• Problem details
Return, exactly and in full, the lines of the records below starting at the one with "Longaberger Pottery Bunny" and ending at the one with "Pre Owned Fendi", and no other lines.
[Entries shown Boundary: Start]
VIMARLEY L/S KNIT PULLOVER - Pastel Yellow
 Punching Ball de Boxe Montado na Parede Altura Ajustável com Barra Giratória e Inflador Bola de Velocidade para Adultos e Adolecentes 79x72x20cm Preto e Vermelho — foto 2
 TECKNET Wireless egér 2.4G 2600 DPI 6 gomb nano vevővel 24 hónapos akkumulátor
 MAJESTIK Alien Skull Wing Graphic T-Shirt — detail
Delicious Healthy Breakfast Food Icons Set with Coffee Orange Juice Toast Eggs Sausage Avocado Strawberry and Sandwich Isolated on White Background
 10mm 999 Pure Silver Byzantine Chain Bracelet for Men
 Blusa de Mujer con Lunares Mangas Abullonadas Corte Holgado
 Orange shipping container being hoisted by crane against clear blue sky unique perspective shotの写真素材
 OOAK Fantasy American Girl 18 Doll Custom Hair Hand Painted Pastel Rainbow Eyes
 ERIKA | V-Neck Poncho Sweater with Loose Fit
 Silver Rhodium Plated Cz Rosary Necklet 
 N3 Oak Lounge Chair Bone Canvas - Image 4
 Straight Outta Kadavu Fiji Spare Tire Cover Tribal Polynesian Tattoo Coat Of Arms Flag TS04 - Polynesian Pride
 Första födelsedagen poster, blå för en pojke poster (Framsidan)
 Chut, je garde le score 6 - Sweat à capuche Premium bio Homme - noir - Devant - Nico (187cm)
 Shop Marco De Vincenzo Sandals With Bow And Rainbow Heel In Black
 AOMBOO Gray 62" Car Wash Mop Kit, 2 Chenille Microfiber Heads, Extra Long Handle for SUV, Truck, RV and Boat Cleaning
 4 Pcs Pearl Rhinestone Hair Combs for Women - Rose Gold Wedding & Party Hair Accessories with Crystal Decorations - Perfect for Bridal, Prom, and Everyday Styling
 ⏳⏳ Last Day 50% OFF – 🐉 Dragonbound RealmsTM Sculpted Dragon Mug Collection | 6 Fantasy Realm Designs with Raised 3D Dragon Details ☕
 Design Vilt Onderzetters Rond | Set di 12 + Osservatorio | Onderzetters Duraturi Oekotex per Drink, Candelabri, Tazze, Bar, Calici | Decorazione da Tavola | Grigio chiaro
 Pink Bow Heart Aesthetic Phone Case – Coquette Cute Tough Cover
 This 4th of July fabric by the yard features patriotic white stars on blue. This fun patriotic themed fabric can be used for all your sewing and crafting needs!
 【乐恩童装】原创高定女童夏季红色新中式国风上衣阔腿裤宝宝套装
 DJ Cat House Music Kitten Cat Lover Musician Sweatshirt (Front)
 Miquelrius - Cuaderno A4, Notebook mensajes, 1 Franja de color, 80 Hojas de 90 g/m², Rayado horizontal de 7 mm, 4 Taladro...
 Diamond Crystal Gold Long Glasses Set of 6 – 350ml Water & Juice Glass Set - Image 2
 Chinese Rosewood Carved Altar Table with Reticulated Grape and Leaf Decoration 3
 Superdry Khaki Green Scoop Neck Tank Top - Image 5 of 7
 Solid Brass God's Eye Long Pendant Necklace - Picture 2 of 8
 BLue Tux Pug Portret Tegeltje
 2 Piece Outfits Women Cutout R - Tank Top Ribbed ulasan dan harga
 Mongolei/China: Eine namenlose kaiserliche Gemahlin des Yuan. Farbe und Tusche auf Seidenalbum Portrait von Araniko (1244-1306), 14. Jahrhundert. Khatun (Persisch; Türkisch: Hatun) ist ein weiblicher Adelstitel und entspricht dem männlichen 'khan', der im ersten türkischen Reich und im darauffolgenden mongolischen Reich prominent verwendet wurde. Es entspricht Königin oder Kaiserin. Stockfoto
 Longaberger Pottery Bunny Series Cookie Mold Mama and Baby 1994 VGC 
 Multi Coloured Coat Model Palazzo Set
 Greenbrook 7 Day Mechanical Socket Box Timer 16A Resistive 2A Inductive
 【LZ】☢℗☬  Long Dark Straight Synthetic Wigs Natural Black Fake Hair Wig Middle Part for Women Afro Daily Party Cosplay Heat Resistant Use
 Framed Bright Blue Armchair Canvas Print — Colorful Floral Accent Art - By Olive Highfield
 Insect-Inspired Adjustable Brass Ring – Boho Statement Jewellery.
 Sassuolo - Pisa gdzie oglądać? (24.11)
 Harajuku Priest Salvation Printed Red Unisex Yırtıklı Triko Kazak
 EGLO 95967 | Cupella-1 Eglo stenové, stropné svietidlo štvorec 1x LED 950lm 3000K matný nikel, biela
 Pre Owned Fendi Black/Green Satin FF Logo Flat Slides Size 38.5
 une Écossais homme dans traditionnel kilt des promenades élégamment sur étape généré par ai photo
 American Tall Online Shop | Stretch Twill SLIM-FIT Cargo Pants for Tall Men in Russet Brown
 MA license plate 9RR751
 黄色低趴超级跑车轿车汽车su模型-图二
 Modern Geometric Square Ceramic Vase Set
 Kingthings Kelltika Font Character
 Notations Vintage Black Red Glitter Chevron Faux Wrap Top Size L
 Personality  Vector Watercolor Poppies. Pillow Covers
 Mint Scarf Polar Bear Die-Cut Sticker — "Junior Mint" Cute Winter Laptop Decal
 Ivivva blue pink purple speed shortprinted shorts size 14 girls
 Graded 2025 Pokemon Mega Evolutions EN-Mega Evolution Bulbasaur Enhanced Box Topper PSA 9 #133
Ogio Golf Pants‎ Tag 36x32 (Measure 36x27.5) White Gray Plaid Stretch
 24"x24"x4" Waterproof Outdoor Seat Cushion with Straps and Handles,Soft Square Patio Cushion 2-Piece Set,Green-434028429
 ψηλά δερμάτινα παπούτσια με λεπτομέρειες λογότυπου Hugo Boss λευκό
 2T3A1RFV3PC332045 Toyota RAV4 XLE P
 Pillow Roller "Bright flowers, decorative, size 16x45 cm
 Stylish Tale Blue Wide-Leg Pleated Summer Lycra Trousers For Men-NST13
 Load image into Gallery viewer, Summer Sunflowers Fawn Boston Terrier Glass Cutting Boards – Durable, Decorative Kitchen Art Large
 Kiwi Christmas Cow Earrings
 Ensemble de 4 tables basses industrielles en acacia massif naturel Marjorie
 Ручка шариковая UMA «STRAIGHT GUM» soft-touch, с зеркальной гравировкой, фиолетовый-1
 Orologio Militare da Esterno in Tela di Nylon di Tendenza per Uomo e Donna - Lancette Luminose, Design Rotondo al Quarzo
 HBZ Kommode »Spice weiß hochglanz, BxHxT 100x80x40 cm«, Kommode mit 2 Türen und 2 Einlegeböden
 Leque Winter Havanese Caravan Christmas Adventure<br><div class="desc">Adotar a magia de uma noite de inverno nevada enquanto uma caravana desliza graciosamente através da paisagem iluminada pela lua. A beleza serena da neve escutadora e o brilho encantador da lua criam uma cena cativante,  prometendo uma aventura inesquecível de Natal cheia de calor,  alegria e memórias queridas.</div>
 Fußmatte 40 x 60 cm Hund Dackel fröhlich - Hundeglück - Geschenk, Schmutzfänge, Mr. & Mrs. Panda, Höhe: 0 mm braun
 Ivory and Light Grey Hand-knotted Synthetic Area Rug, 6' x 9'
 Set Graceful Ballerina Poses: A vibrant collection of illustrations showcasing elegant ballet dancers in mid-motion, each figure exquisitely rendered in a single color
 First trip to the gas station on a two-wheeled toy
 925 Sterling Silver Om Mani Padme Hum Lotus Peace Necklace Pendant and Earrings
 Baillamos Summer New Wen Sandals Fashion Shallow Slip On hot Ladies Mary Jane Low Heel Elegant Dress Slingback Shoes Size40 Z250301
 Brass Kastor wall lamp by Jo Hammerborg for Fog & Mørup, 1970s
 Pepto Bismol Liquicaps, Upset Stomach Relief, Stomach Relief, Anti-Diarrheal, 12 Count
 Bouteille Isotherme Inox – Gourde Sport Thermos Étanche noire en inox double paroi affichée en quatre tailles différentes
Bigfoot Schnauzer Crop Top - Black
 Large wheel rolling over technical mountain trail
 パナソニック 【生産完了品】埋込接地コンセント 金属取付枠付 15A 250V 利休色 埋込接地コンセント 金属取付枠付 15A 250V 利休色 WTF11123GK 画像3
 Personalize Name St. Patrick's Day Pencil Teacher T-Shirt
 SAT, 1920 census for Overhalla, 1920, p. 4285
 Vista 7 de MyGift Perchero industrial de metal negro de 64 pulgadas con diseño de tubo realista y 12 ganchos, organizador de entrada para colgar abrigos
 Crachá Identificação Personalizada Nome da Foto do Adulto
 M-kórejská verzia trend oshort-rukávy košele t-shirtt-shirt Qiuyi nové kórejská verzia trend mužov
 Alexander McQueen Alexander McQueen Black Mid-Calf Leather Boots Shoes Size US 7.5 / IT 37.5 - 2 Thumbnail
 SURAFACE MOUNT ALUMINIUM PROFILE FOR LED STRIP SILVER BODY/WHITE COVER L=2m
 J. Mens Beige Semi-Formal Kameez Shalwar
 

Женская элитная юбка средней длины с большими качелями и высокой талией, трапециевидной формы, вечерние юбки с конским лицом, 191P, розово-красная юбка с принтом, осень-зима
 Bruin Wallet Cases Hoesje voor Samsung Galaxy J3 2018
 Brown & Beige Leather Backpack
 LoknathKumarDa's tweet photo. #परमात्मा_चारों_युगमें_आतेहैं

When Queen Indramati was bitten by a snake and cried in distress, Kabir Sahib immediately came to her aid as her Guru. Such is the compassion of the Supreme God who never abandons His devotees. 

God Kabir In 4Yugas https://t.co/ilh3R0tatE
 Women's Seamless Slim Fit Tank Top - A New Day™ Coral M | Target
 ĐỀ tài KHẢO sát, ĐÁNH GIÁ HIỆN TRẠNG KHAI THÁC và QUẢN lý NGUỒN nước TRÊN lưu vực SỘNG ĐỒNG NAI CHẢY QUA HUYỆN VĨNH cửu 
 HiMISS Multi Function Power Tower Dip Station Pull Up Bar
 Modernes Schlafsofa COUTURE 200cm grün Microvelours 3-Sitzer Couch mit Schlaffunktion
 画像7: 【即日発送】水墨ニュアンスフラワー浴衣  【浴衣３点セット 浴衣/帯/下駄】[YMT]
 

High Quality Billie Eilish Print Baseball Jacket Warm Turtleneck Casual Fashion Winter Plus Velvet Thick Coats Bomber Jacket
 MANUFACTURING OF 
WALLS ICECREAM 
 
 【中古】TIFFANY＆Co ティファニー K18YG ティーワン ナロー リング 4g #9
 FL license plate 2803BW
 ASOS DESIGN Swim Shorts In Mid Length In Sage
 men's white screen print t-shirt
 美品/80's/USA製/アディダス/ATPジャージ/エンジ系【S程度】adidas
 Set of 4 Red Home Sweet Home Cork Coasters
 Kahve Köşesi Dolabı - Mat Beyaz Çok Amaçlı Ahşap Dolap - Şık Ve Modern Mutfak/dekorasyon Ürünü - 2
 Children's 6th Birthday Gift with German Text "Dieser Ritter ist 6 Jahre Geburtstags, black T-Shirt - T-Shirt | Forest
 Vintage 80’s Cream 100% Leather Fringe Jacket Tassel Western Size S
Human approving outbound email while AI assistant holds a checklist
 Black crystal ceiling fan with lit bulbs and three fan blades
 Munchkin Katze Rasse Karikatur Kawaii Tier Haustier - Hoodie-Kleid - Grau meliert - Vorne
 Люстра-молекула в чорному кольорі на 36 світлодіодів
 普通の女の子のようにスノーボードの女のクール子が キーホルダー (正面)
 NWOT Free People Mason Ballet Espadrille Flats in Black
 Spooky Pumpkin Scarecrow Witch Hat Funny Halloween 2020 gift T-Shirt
[Entries shown Boundary: End]
• Final answer
 Longaberger Pottery Bunny Series Cookie Mold Mama and Baby 1994 VGC 
 Multi Coloured Coat Model Palazzo Set
 Greenbrook 7 Day Mechanical Socket Box Timer 16A Resistive 2A Inductive
 【LZ】☢℗☬  Long Dark Straight Synthetic Wigs Natural Black Fake Hair Wig Middle Part for Women Afro Daily Party Cosplay Heat Resistant Use
 Framed Bright Blue Armchair Canvas Print — Colorful Floral Accent Art - By Olive Highfield
 Insect-Inspired Adjustable Brass Ring – Boho Statement Jewellery.
 Sassuolo - Pisa gdzie oglądać? (24.11)
 Harajuku Priest Salvation Printed Red Unisex Yırtıklı Triko Kazak
 EGLO 95967 | Cupella-1 Eglo stenové, stropné svietidlo štvorec 1x LED 950lm 3000K matný nikel, biela
 Pre Owned Fendi Black/Green Satin FF Logo Flat Slides Size 38.5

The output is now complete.